Updated on 2024-10-14 GMT+08:00

How Do I Locate the Fault When a Cluster Is Unavailable?

If a cluster is Unavailable, perform the following operations to locate the fault.

Troubleshooting Process

The issues here are described in order of how likely they are to occur.

Check these causes one by one until you find the cause of the fault.

If the fault persists, contact the customer service to help you locate the fault.

Figure 1 Fault locating

Check Item 1: Whether the Security Group Is Modified

  1. Log in to the management console, and choose Service List > Networking > Virtual Private Cloud. In the navigation pane on the left, choose Access Control > Security Groups to find the security group of the master node in the cluster.

    The name of this security group is in the format of Cluster name-cce-control-ID.

  2. Click the security group. On the details page displayed, ensure that the security group rules of the master node are correct.

    For details, see How Can I Configure a Security Group Rule in a Cluster?

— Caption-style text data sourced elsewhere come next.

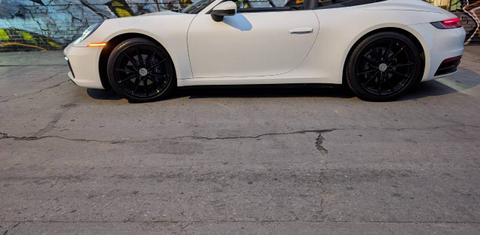Porsche 911 2022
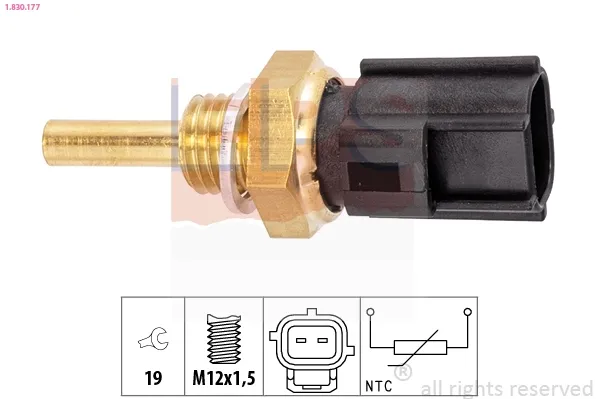 Sensor de temperatura 1830177 EPS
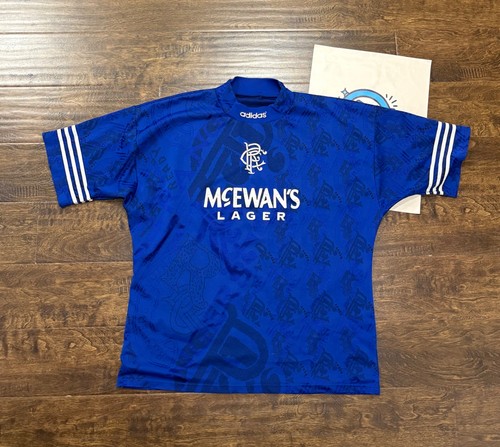 Vintage rare adidas glasgow - vintage,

Check Item 2: Whether There Are Residual Listeners and Backend Server Groups on the Load Balancer

Reproducing the Problem

A cluster exception occurs when a LoadBalancer Service is being created or deleted. After the fault is rectified, the Service is deleted successfully, but there are residual listeners and backend server group.

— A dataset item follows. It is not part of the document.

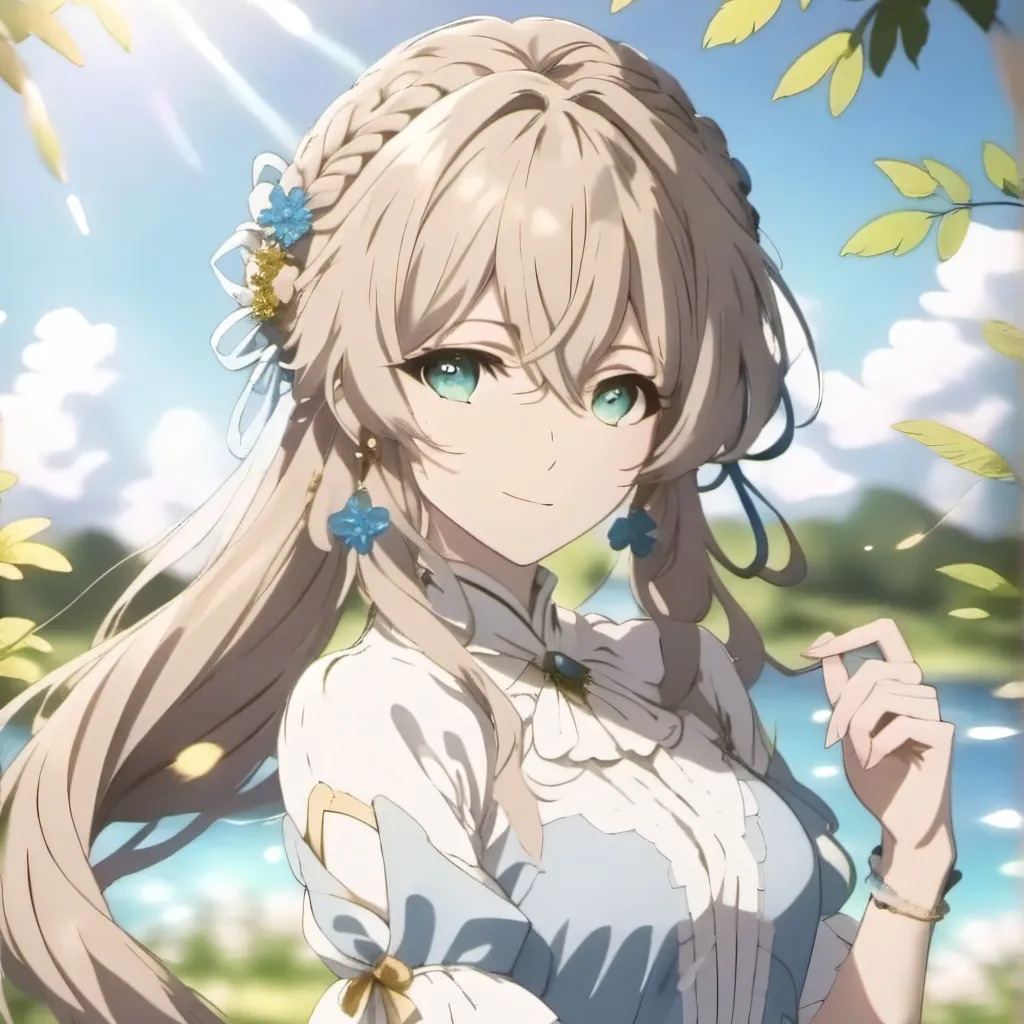 chat with ai character: Sasha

  1. Pre-create a CCE cluster. In the cluster, use the official Nginx image to create workloads, preset load balancers, Services, and ingresses.
  2. Ensure that the cluster is running properly and the Nginx workload is stable.
  3. Create and delete 10 LoadBalancer Services every 20 seconds.
  4. An injection exception occurs in the cluster. For example, the etcd pod is unavailable or the cluster is hibernated.

Possible Causes

There are residual listeners and backend server groups on the load balancer.

Solution

Manually clear residual listeners and backend server groups.

  1. Log in to the management console and choose Network > Elastic Load Balance from the service list.
  2. In the load balancer list, click the name of the target load balancer to go to the details page. On the Listeners tab page, locate the target listener and delete it.
  3. On the Backend Server Groups tab page, locate the target backend server group and delete it.